_GIVEN INFORMATION_
########################################
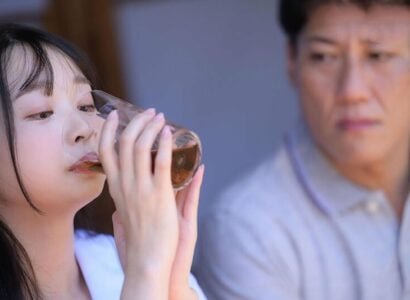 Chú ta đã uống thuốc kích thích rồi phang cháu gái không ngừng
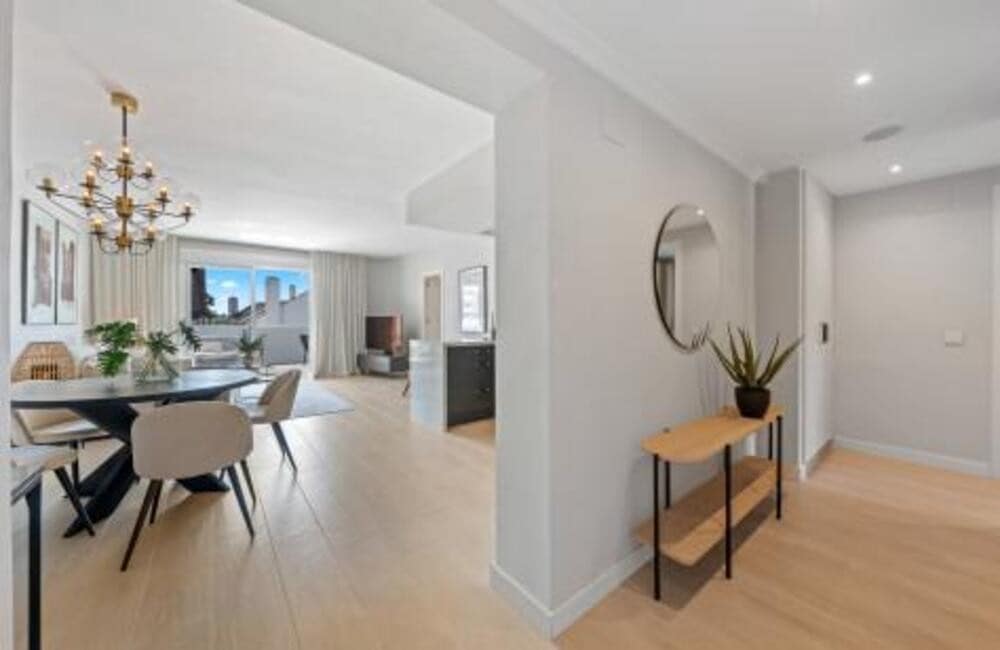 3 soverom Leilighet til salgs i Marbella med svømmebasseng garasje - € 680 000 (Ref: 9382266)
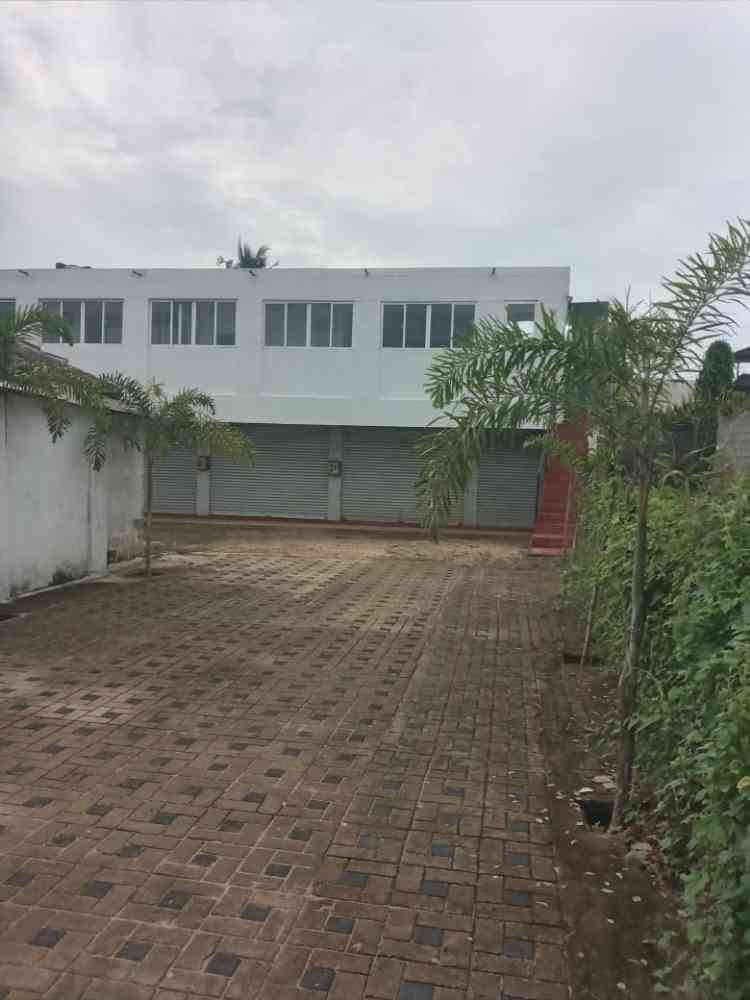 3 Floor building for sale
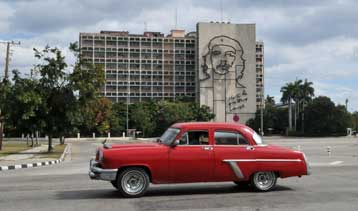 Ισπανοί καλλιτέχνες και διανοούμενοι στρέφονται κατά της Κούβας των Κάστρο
########################################
No picture is to be included when the lines from the one containing "3 soverom Leilighet" through the end of the material above are output exactly; nothing else is written.

 3 soverom Leilighet til salgs i Marbella med svømmebasseng garasje - € 680 000 (Ref: 9382266)
 3 Floor building for sale
 Ισπανοί καλλιτέχνες και διανοούμενοι στρέφονται κατά της Κούβας των Κάστρο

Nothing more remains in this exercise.